=== What the exercise asks ===
Although pictures appear in the data, the answer should contain only the lines from its start through the line with "Autism Awareness Heart", written out exactly.

=== Source material ===
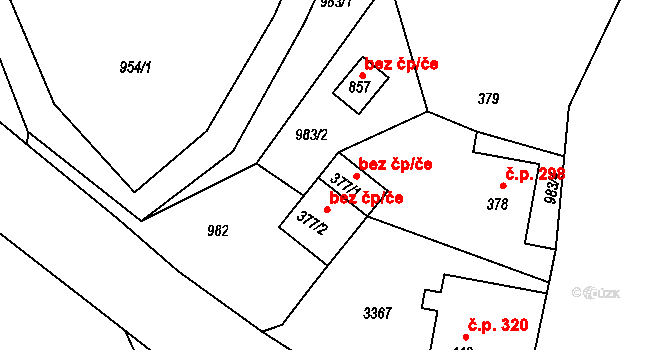 Bečov nad Teplou 45789827 na parcele st. 377/1 v KÚ Bečov nad Teplou, Katastrální mapa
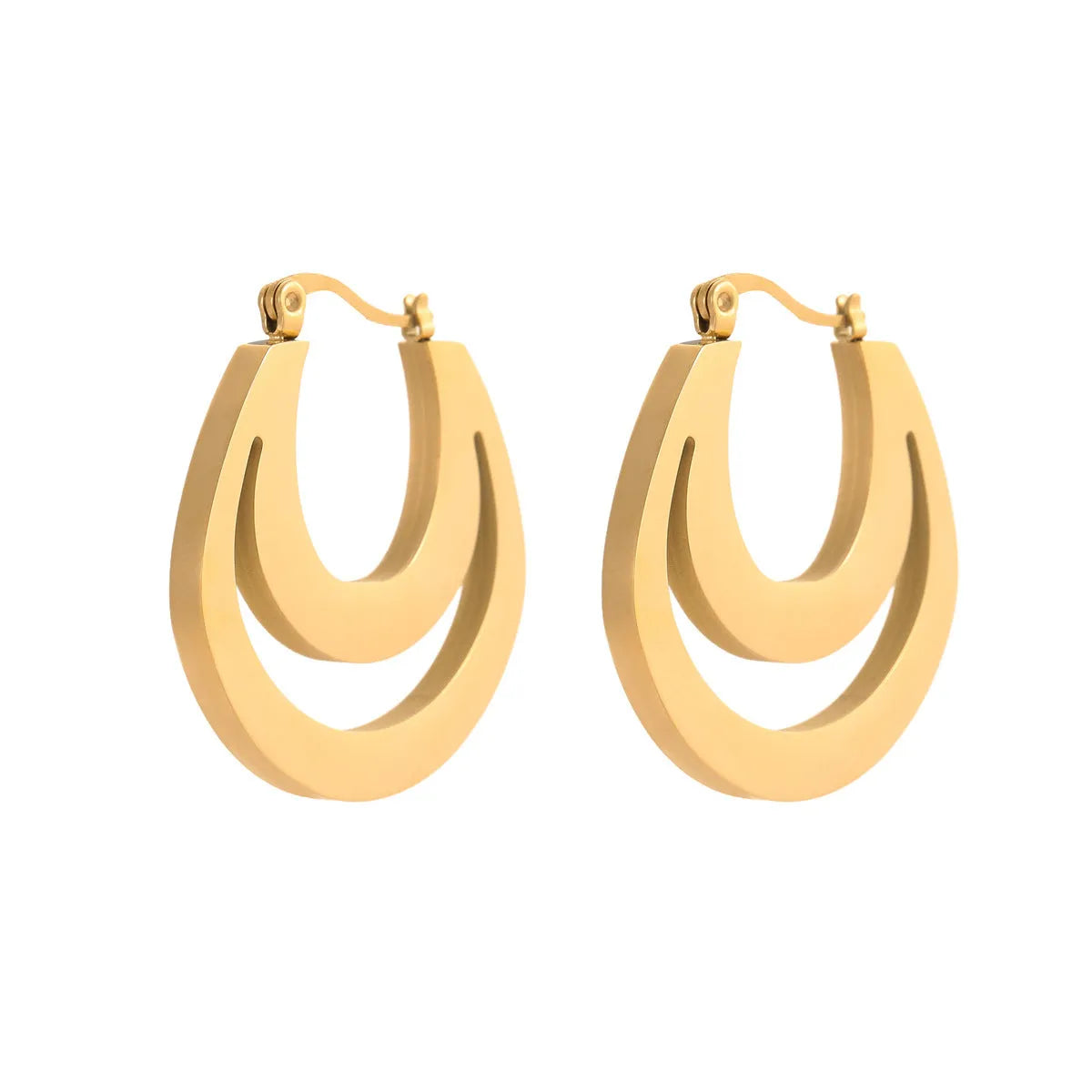 Geometric French earrings with 18K gold plating on stainless steel in minimalist round ring design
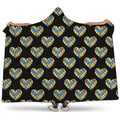 Autism Awareness Heart Pattern Print Hooded Blanket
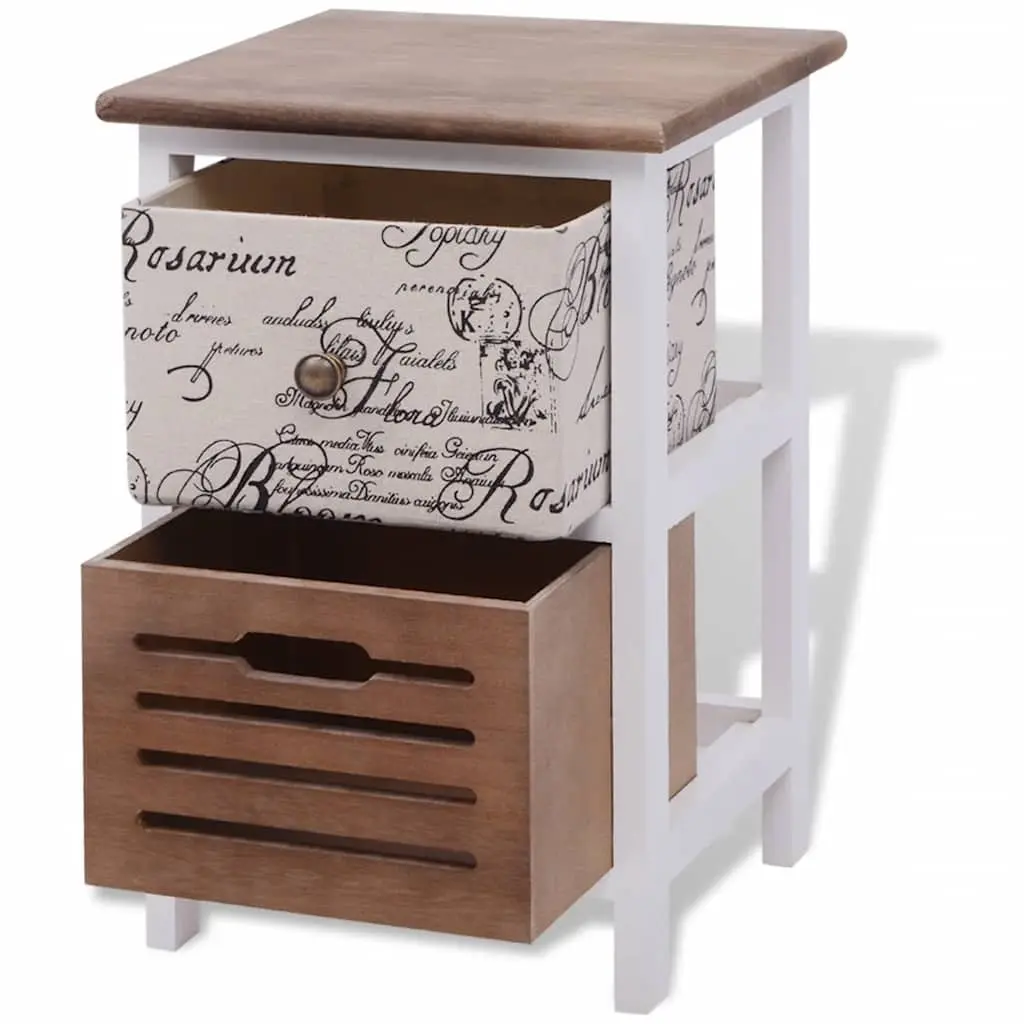 Wooden Nightstand Cabinets Pair Rustic Style 2 Drawer Storage Unit Multicolour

=== Reply to the exercise ===
 Bečov nad Teplou 45789827 na parcele st. 377/1 v KÚ Bečov nad Teplou, Katastrální mapa
 Geometric French earrings with 18K gold plating on stainless steel in minimalist round ring design
 Autism Awareness Heart Pattern Print Hooded Blanket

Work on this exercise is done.